Roger Federer joked he had extended his run of grand slam quarter-final appearances after French Open giant-killer Robin Soderling ended one of the most impressive sequences in professional sport.
Soderling stunned defending champion Federer at Roland Garros to deny the Swiss a 24th consecutive semi-final in a major as lightning struck for the second time in two years on Philippe Chatrier Court.
Fifth seed Soderling, who had lost all 12 of his previous meetings with the world number one, came from a set down to win 3-6 6-3 7-5 6-4 in a rain-hit two-and-a-half hours.
Federer was philosophical both about his defeat and the end of his amazing run, describing it as one of the proudest achievements of his career.
“It all comes to an end at some stage,” said the 28-year-old, whose last defeat prior to the semi-final stage of a grand slam came at the same tournament six years ago.
“I think it was a great run — now I've got the quarter-final streak going, I guess.
“It's been an amazing run.
“If I could have signed for all those semis in a row, I would've done it right away, so I've made incredible progress in terms of my play at the highest of levels, to be able always to come back and play semis after semis after semis in slams and give myself chances to win slams. I was able to win many of them, so I'm very proud of myself about that streak and it's probably one of the greatest ones I have in my history books.”
Last night’s defeat was very much unlucky 13 for the Swiss, coming against a man who went into yesterday’s match as the only player on tour to have faced him on more than 10 occasions and lost every time.
Federer claimed his defeat was easier to handle because he felt he had played well.
He said: “I'm disappointed to a certain degree.
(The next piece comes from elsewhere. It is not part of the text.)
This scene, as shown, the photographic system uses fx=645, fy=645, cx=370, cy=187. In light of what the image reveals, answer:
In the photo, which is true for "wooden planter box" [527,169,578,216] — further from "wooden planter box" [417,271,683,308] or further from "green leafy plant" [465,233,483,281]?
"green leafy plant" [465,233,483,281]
I didn't think I played a bad match, so it's easier to go out this way.
“Conditions obviously were on the rougher side for both of us, and I thought he came up with some great tennis.
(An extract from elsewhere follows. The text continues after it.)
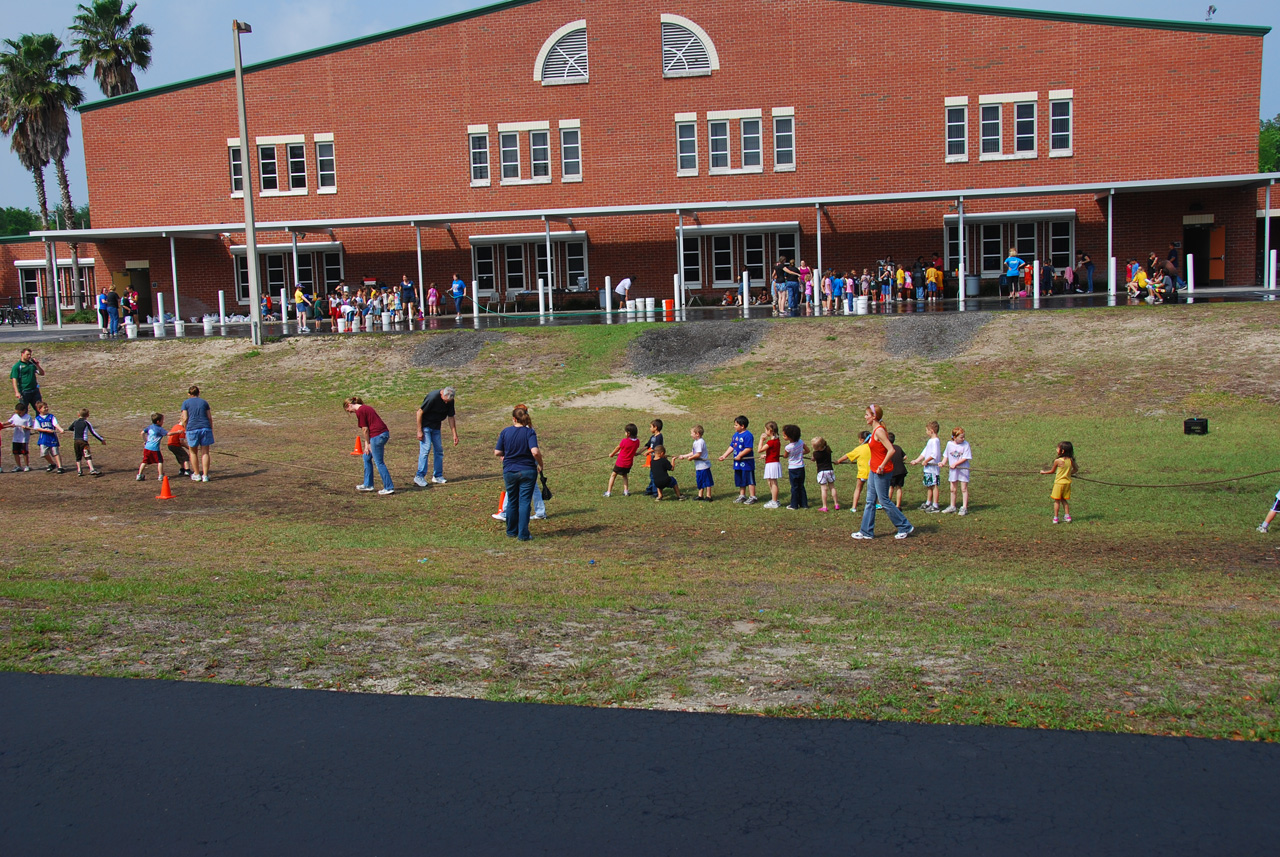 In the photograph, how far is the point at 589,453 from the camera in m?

“So it's much easier to digest this way.”
Soderling insisted he never stopped believing he could end his hoodoo against Federer.
The Swede last year became the first man to beat king of clay Rafael Nadal at Roland Garros before losing to Federer in the final.
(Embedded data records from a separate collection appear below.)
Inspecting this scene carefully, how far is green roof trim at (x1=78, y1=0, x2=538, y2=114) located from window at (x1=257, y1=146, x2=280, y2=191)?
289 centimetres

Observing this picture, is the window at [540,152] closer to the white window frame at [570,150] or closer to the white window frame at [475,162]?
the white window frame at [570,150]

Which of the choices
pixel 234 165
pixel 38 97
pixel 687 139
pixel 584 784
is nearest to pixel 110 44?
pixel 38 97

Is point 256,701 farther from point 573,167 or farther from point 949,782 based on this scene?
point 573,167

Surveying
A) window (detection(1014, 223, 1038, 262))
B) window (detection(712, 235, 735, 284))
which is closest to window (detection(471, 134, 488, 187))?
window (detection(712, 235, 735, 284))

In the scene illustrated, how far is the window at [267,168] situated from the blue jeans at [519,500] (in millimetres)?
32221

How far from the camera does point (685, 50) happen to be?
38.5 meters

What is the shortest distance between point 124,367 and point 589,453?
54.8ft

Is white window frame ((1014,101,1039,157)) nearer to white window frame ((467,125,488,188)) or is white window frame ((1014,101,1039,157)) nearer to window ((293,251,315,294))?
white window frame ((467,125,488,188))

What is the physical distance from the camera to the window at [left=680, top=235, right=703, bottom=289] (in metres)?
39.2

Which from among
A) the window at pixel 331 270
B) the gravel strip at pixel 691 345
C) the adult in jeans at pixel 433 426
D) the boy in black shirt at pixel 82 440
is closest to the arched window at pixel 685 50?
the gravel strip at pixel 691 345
His dozen defeats to the Swiss ace had also seen him claim just two sets, although one of those did come at last year's US Open and he did beat Federer in an exhibition in Abu Dhabi in January.
“I think even though I lost so many times, I always had a chance to win,” the 25-year-old said.
“I came close a couple of times before and I feel one or two times that I've actually been a little bit unlucky.